消えるボールペン、パイロットのフリクションシリーズ。
2014年3月時点で、10億本を突破するほどの大ヒットらしい。

ならば、お気に入りの軸に入れない理由はない。
今回は高級フリクションボールペンを作ってみる。

お気に入りの軸、今回は「スリムライン」シリーズを採用する。

スリムラインシリーズ

このペンは1980年代に発売された、ノック式の油性ボールペン。
当然ながら、現在は廃盤になっている。
当時の定価が3000円~10000円と安かったため、他のペンよりも流通している。
したがってヤフオクなどの中古市場に出回る量も多く、私の手元にも色違いで5本ある。


工作のポイント

純正リフィルを観察してみる。

油性リフィル

スリムラインシリーズは、油性リフィルを採用している。

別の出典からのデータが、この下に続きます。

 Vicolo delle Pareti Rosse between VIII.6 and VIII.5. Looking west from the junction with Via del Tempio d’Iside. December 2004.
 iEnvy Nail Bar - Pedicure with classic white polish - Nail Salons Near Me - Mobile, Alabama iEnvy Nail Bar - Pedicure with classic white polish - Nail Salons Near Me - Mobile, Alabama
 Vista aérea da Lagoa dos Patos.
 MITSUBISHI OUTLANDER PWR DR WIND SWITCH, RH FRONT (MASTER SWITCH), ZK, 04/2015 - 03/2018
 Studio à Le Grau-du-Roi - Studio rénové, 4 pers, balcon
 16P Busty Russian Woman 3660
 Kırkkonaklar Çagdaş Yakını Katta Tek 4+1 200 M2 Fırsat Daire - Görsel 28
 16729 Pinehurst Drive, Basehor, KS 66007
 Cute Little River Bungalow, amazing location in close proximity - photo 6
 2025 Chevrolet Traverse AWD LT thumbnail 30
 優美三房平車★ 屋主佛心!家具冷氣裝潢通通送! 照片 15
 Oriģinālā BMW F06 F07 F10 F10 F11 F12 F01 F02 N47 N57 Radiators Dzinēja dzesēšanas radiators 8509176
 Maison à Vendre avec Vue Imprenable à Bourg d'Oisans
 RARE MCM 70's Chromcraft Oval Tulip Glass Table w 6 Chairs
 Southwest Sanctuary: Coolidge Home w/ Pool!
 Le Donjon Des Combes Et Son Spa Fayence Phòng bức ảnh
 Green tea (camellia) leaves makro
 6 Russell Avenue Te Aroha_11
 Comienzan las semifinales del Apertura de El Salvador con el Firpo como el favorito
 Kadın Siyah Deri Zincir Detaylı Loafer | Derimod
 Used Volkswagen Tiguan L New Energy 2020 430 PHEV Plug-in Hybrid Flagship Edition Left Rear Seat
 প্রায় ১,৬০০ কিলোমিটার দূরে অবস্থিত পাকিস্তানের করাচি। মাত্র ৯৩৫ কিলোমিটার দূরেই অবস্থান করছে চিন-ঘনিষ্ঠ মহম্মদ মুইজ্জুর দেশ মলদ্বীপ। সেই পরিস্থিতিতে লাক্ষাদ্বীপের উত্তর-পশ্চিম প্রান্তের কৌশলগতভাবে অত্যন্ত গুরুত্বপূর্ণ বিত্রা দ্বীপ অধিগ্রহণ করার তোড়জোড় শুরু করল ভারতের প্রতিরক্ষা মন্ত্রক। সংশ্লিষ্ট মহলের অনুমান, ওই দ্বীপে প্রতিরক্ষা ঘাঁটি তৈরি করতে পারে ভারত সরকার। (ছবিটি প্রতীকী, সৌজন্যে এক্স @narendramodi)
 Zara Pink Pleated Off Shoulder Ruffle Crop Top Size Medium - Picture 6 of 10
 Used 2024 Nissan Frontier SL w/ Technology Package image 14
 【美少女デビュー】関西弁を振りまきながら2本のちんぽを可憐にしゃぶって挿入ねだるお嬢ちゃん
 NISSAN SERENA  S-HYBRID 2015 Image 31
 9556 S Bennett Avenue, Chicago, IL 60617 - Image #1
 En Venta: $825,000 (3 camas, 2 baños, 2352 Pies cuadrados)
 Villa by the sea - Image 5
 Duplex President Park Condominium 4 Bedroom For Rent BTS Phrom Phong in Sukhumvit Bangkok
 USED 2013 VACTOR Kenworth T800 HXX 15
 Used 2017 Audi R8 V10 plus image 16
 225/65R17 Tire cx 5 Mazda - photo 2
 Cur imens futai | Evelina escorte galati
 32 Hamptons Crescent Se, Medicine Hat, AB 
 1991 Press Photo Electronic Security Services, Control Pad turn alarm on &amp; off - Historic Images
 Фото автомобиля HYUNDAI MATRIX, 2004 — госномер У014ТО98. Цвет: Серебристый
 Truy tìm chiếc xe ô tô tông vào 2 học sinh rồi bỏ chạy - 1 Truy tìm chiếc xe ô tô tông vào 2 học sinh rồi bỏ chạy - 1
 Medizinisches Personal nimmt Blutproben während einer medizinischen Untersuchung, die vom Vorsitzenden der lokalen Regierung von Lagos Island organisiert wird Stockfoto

(写真上)
以前、軸に対してリフィルの接点(インターフェース)を変えないことがボールペン改造の基本であると述べた。
フリクションのリフィルは細いので、軸が太くなるようにスペーサーをかまさなければならない。

モンブランのリフィル径は6mmである。
スペーサーは東急ハンズで購入した、6mmのABSパイプを利用する。


今回の材料

1)フリクション替心(今回はフリクションビズ専用の赤黒セットを利用)

2)モンブラン№2918、2本(赤軸と黒軸)

フリクションリフィル

3)使い終わったボールペン芯

4)透明ABSパイプ(東急ハンズで購入、外径6mm、内径4mm)

ABSパイプ


今回の道具

1)ノコギリ

2)マスキングテープ

3)ハサミ


作り方

1)分解

ペンをひねって本体を2つに分解し、リフィルとバネを取り出す。
取り出した部品はケースなどに入れて、なくさないようにする。
古いペンのバネは、さびていたり腐食していたりすることもある。
この場合、市販のボールペンのバネを取り出し、手で引っぱり、もとのバネと同じ長さに調整すれば代用することができる。

本体の分解

 

リフィルの尻部を見ると、深さ3mmほどの穴が開いている。
この穴にノック部がはまって、ペンを上下させる仕組みになっている。

後ろの穴


2)ABSパイプの加工

ABSパイプをノコギリなどで切断する。
寸法は写真のとおり。

パイプの切断


3)リフィルの長さ調整

フリクションのリフィル、長さが少し足りない。
使い終わったボールペンの芯を4mmほど切って、長さを継ぎ足す。

芯の継ぎ足し


マスキングテープを巻きつけて、継ぎ足した芯を固定する。

マステで固定

 

4)リフィルの内径調整

フリクションの直径が3.2mmでABSの内径が4mmなので、マスキングテープを用いて0.8mmくらい太くする。
テープの長さにして20~30mmである。
使うテープによって厚みが違うので、リフィルがパイプに固定される太さを自分で見出すこと。
まん中あたりにもテープを巻いて、2箇所で固定できるようにする。

内径の調整


5)リフィルの組み立て

ABSパイプに芯を入れる。
リフィルが可動するようならテープを継ぎ足し、太くて入らなければ巻いてあるテープを切る。

リフィルの組み立て


リフィルの尻部の穴を再現するために、3mmほど浅めにセットする。

穴の再現


6)ペンを組み立てる

リフィルの先端の細い部分にバネを入れて本体に差し込む。
ペンを締めて固定する。


完成。

 


使ってみる

本体の色とインク色を合わせたため、ペンケースにしまってあるペンを直感で探すことができる。

ノックして芯を出し入れしてみる。
カチッ。カチッ。
スムーズに出し入れできる。


紙に書いてみる。
普通にかける。


フリクションなので書いた文字を消してみる。


。。。

あ、消しゴムがない。

というわけで、次回はフリクション消しゴムを作ることにする。

 

まとめ

恒例の+labさん「わたしレシピ」によるまとめ。

わたしレシピ

 

「フリクション、モンブラン。。。。。フリクモン!?」
「消えるボールペン。。。」
「消える。消えた。。。」
「消えたアイドル。消えた芸人。。。。モン。。モン。。」
「!」

レイザーラモン

 

テレビで見てないと思ったら、私がテレビを見てない。
ひょっとしたら消えてない芸人かも。。。

( ̄▽ ̄)T

 

 

 


<免責事項>
ボールペン改造、もしマネするひとがいるならばトラブルが起きても当方では責任を負えません。
自己責任で行ってください。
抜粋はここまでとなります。